Matt turned the sort of chalky color I associate with Kaopektate.
'I'm not following you...' he said.
'Then I'll repeat the question slowly: What... is... her... name?'
'I really don't know what you're talking about'.
'Yes you do', I said, my tone still mild. 'I simply want to know the name of the woman you've been seeing'.
'Kate...'
'That's my name. I want to know her name. Please'.
He exhaled loudly.
'Blair Bentley'.
'Thank you', I said, sounding totally reasonable.
'Can I explain... ?'
'Explain what? That it was "just one of those things"? Or that you got drunk one night, and the next thing you knew, you tripped and found this woman on the end of your penis? Or maybe it's love...'
'It is love'.
That shut me up. It took me a moment or so to regain the power of speech. 'You're not serious?' I finally said.
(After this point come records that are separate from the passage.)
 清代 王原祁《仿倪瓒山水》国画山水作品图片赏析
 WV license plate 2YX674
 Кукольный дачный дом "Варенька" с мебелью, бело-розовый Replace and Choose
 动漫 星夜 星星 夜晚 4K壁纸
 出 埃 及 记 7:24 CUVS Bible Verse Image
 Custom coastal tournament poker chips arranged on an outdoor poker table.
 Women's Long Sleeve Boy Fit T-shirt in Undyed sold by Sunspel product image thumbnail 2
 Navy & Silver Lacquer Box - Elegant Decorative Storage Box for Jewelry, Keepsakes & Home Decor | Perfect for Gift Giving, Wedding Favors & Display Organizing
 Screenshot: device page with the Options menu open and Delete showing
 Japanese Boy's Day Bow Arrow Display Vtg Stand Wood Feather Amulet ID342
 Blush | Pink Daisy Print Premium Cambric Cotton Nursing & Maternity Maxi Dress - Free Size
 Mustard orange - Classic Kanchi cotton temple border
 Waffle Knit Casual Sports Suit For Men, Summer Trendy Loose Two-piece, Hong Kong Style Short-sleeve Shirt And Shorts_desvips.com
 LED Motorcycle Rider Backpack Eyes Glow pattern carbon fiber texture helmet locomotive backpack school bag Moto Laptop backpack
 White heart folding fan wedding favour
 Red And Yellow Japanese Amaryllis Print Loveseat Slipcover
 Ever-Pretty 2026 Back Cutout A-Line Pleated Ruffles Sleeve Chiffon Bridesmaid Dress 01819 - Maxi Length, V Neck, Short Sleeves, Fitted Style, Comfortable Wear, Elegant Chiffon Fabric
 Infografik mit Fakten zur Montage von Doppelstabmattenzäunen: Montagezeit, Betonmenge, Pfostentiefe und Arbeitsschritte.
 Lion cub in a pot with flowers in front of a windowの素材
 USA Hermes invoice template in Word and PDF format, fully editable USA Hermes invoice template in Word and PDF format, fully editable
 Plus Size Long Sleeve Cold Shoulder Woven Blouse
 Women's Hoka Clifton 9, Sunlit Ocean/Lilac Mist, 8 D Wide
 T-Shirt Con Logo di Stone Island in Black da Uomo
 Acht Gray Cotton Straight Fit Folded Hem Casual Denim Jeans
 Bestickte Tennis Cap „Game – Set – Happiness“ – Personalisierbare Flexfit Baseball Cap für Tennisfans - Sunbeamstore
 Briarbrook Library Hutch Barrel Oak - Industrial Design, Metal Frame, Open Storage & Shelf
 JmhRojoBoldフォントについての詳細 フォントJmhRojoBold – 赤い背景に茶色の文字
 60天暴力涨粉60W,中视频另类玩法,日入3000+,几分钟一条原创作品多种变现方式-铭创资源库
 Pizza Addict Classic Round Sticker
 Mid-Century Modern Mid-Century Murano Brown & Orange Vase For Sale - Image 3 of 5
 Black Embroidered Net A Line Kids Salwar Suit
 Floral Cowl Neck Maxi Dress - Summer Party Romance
'Completely serious', he said.
'You asshole'.
He left the apartment late that night. He never slept there again. And I became bitter. Maybe he wasn't the love of my life - but there was a child involved. He should have considered Ethan's stability. Just like he should have recognized that the separation had actually done us some good - that we had laid down our weapons of mass destruction and established an armistice with each other. An affectionate armistice - to the point where I had actually started to miss Matt. They always say the first year or two of marriage is hell. But, damn it, we'd turned the corner. We had started to become a common cause.